I have been very fortunate over the last several years in that I've had many opprtunities to architect many extremely high scale SharePoint systems.  Everything from your standard 3 million document Imaging Repository to systems with 10's and even more than 100 million documents (thanks to FAST ESP!)

As I look back on SharePoint 2003 and even to existing SharePoint 2007 solutions, there have definately been several challenges as we design systems that can handle the millions of documents we throw at them.  So it is with great pleasure that I am able to present my 4 favorite improvements in SP2010 that handle virtually ALL of my previous challenges.

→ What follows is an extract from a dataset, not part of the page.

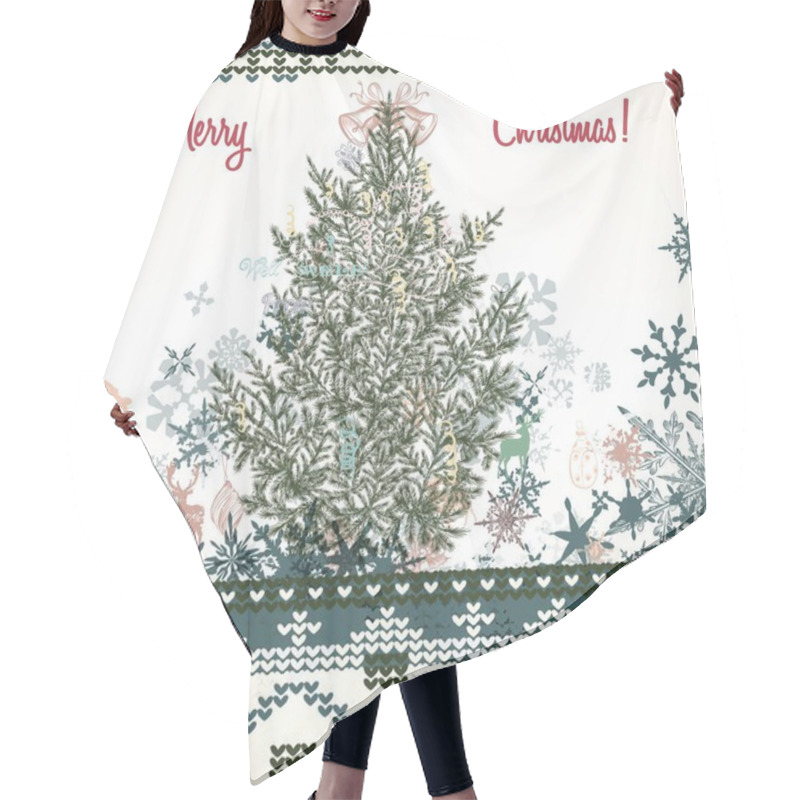 Personality  Beautiful Christmas Background Illustration With Tree, Snowflake Hair Cutting Cape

Oh yeah... For anyone who might have read this series introduction when I initially released it, I was originally going to include a post regarding the Managed Metadata service.  Then it occured to me that while this is an important feature for ECM in SharePoint 2010, it doesn't really improve performance.  So... I yanked it.  I'll do a separate post on Managd Metadata at some point.

So without further delay, my four part (ok... three if you discount the introduction!) series on SP2010 Scalability:

  1. Introduction
  2. SharePoint Search
  3. Remote BLOB Storage RBS
  4. Inline Records Management

I hope this provides hope for those of you who dream of massive SharePoint 2010 implementations like I do!

SPC2009 Decompression

Well, here I am, 24 hours past the SPC2009 ride.  Now I feel like I'm on a long slow decompression ascension (lame scuba reference) to the public launch of SP2010 next year some time.

Now that the SP2010 veil is lifted, I'm finally free to talk about some incredible new SP2010 features that are abslutely CLUTCH for scaling SharePoint to sizes we may only have dreamed of before!

I have all these ideas floating around for what I want to say.  So I started writing this post and it just plain grew too large.  So I decided to break it up into seperate posts in a SP2010 Scalability Series.

In the coming weeks, I'll also be developing a few blog posts and possibly a whitepaper on Architecting SP2007 with SP2010 in mind.  The reality is that many organizations simply refuse to implement a greenfield SP2010 deployment or upgrade an existing SP2007 deployment for several months or even a year after SP2010 launches.  Other organizations simply can't wait to get move their content from a legacy system due to maintenance costs.  So the intent is to help organizations that will definitely move to SP2010 at some point but need to start with SP2007 today.

Then, as we get closer to SP2010 launch, I'll be releasing content around Designing a SP2010 Scalable Architecture.

So I guess it's time to jump on a new ride... the one that takes us to the launch of SP2010.